On-policy distillation (OPD) trains a student on its own trajectories with dense per-token supervision from a stronger teacher, and often outperforms off-policy distillation and standard reinforcement learning. However, we find that its effectiveness implicitly relies on two assumptions that frequently break in practice: trajectory-level alignment between the student and the teacher, and uniform token-level reliability of the teacher's preferences.
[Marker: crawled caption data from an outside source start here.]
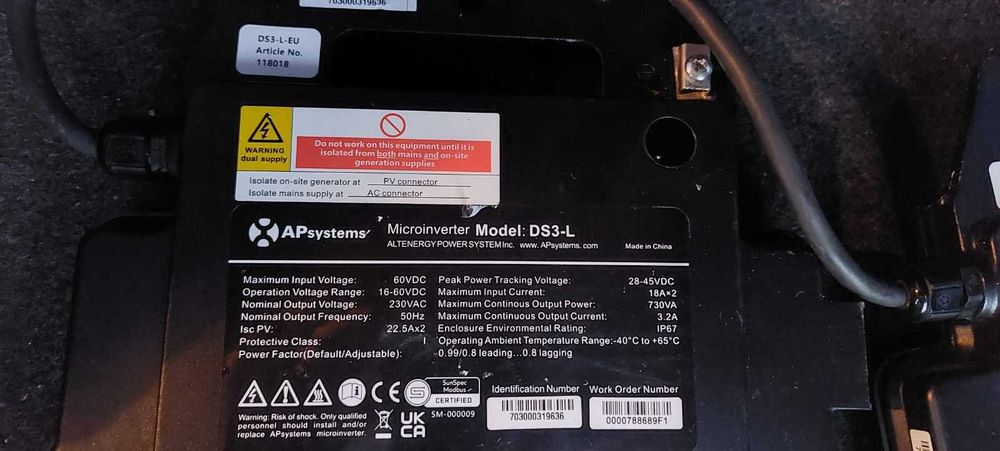 Vând Microinvertor pentru sisteme fotovoltaice, DS3-L,  APSystems,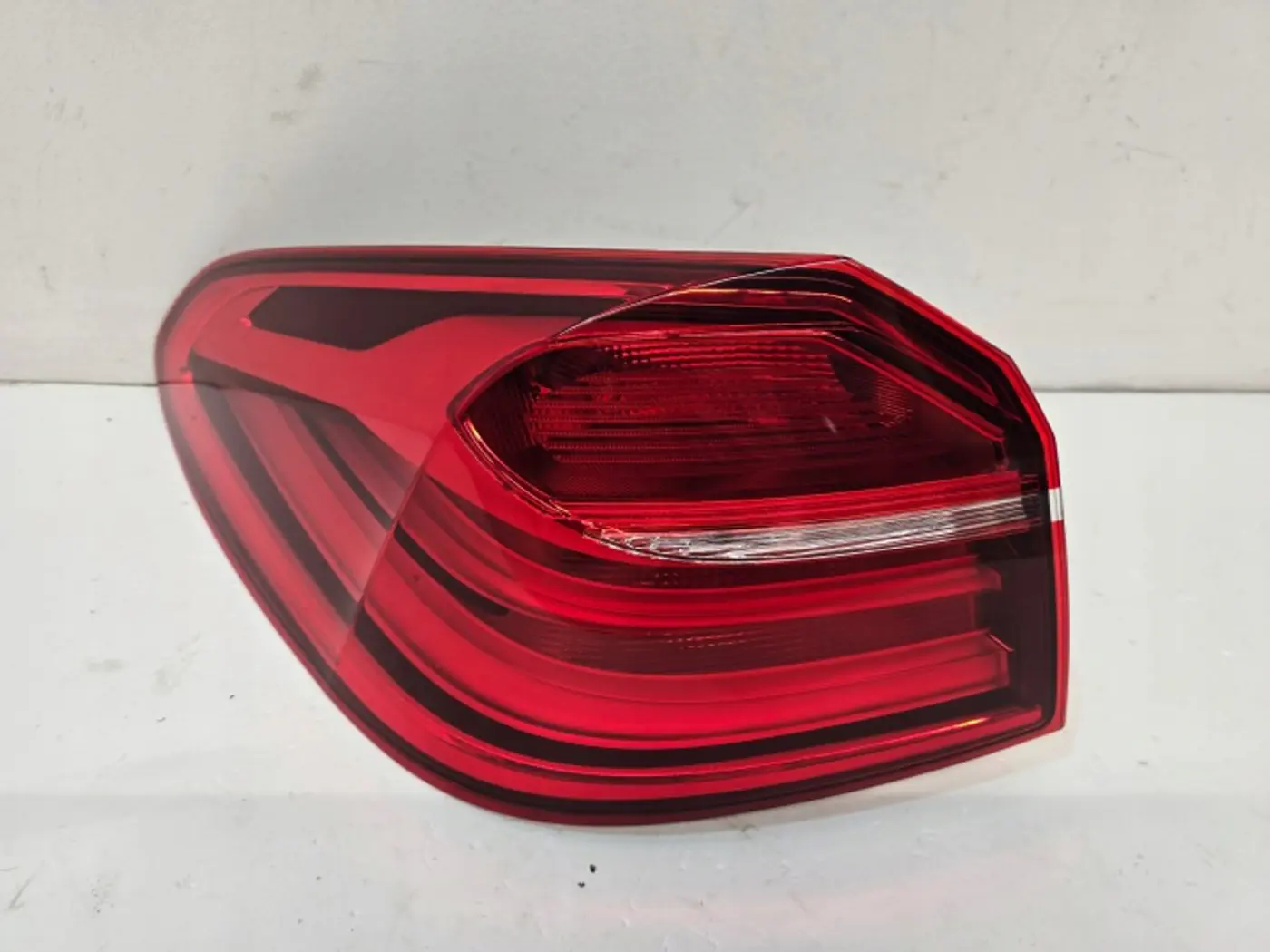 Фонарь задний левый к BMW X4 2014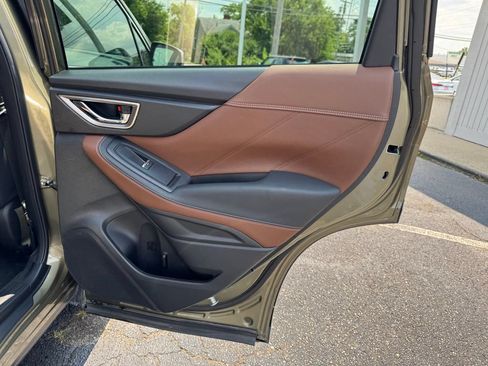 Used 2023 Subaru Forester Touring AWD/4WD image 29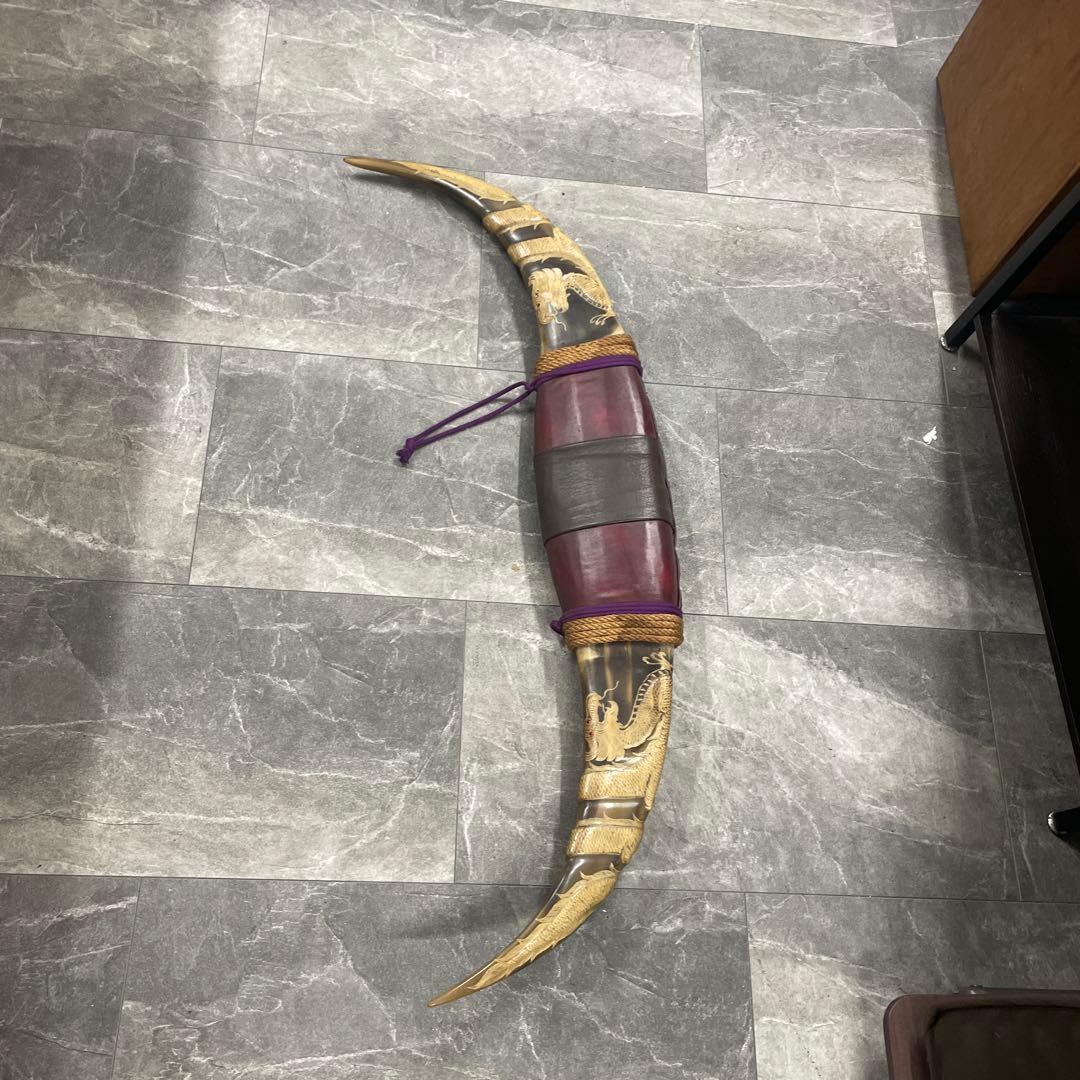 水牛の角　龍の彫刻　オシャレな彫り　インテリア　置物　希少　レア　限定価格　強者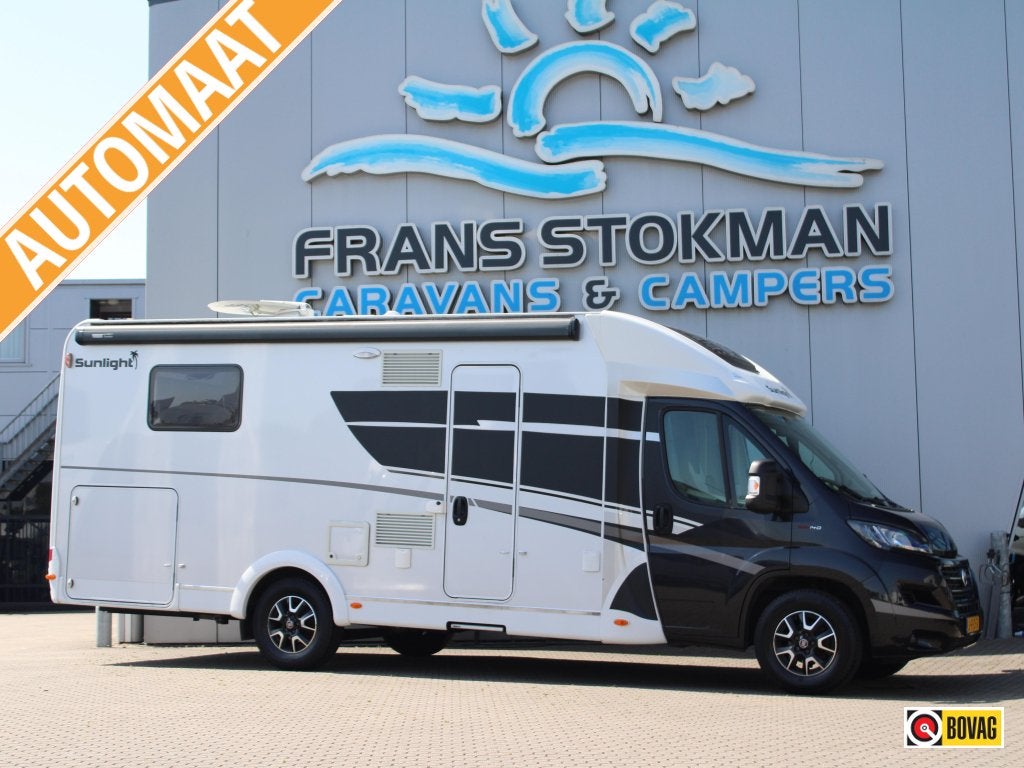 Sunlight T 690 L Queensbed Hefbed Automaat 1e eigenaar NAP, Caravans en Kamperen, Automaat, Chemisch toilet, Sunlight, Ringverwarming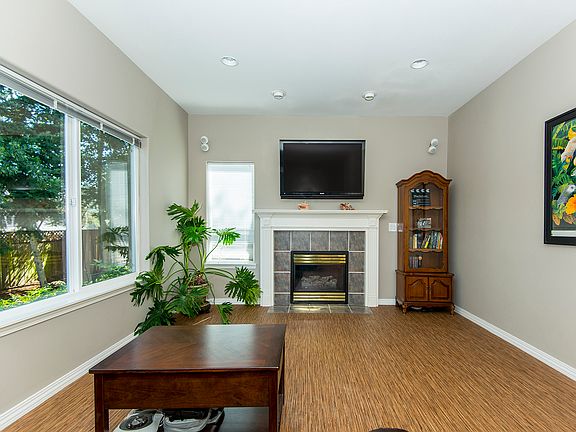 5th image of 16283 SW Stahl Dr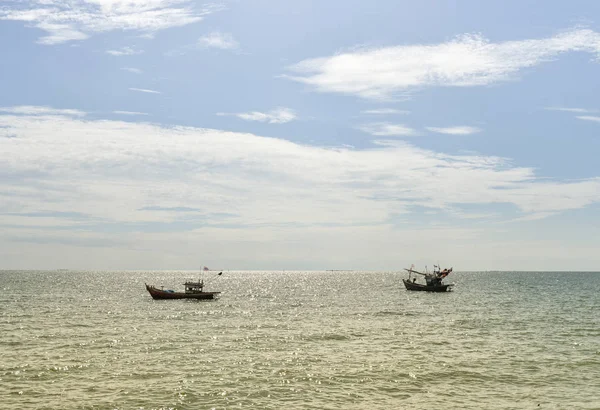 Barco Pescadores Mar Con Fondo Azul Del Cielo Chonburi Tailandia —  Fotos de Stock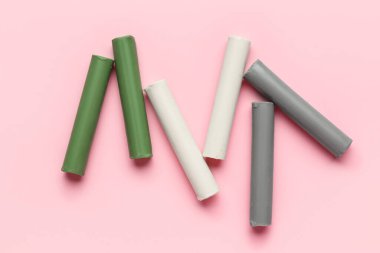 Pembe arka planda renkli plastikler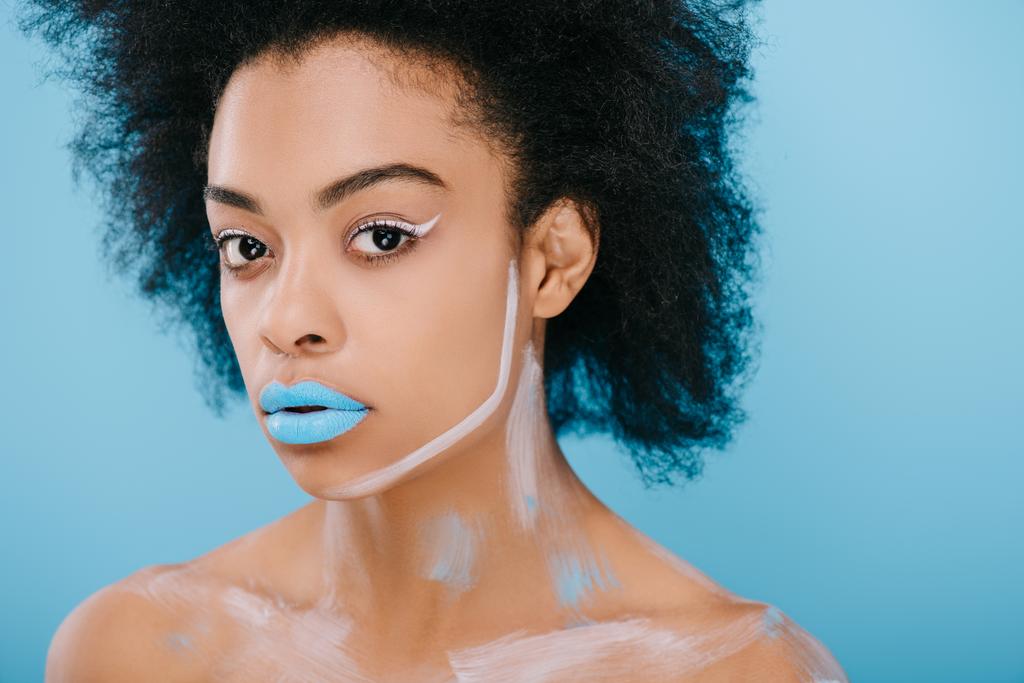 jovem atraente com maquiagem criativa e penteado afro isolado em azul
 - Foto, Imagem
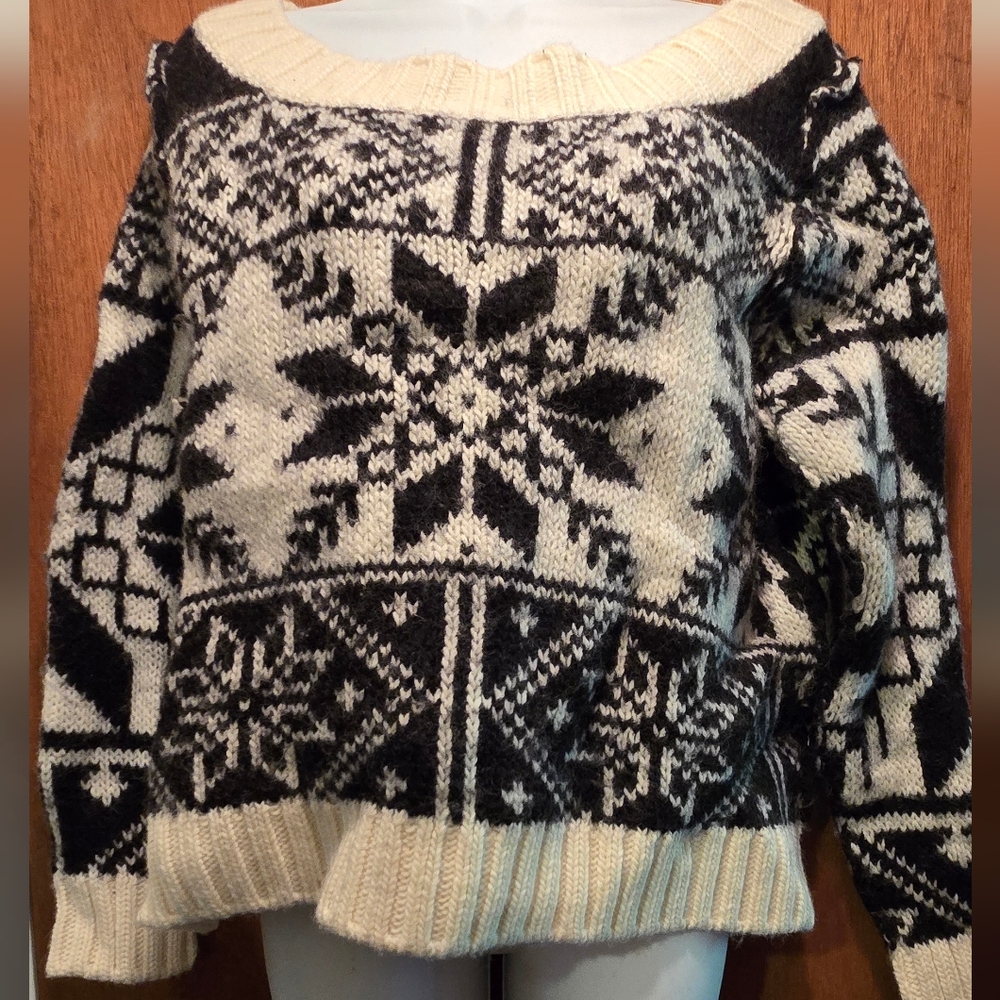 HOST PICK! 🎉🎊Free People Black and Cream Patterned Sweater SzL NWT - Picture 2 of 8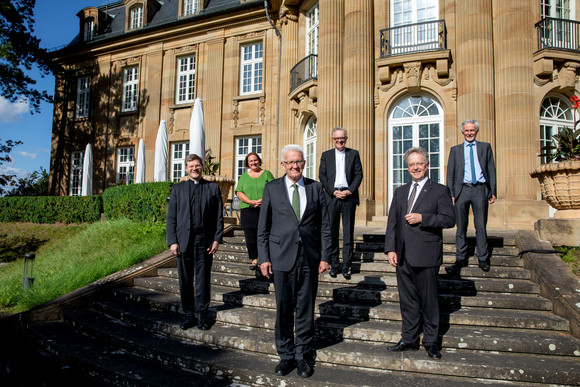 Kirche Kretschmann empfängt Bischöfe v.l.n.r.: Erzbischof Stephan Burger (Erzdiözese Freiburg), Staatsministerin Theresa Schopper, Ministerpräsident Winfried Kretschmann, Landesbischof Dr. Frank Otfried July (Evangelische. Landeskirche Württemberg), Generalvikar Dr. Clemens Stroppel (Diözese Rottenburg-Stuttgart) und Landesbischof Prof. Dr. Jochen Cornelius-Bundschuh (Evangelische Landeskirche Baden) (Bild: Staatsministerium Baden-Württemberg)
We therefore propose Sign-Gated On-Policy Distillation (SG-OPD), which uses a binary verifier as a trust signal for the teacher at two complementary granularities: phased teacher sampling mixes in verifier-endorsed teacher rollouts at cold-start, and a sign-consistency gate extrapolates the distillation update on tokens where the teacher agrees with the verifier-correct direction and interpolates it where it disagrees. Experiments on competition-level mathematical reasoning benchmarks show that SG-OPD consistently outperforms standard OPD, with average gains of 1.98 and 7.50 at the per-sample and per-question levels, respectively.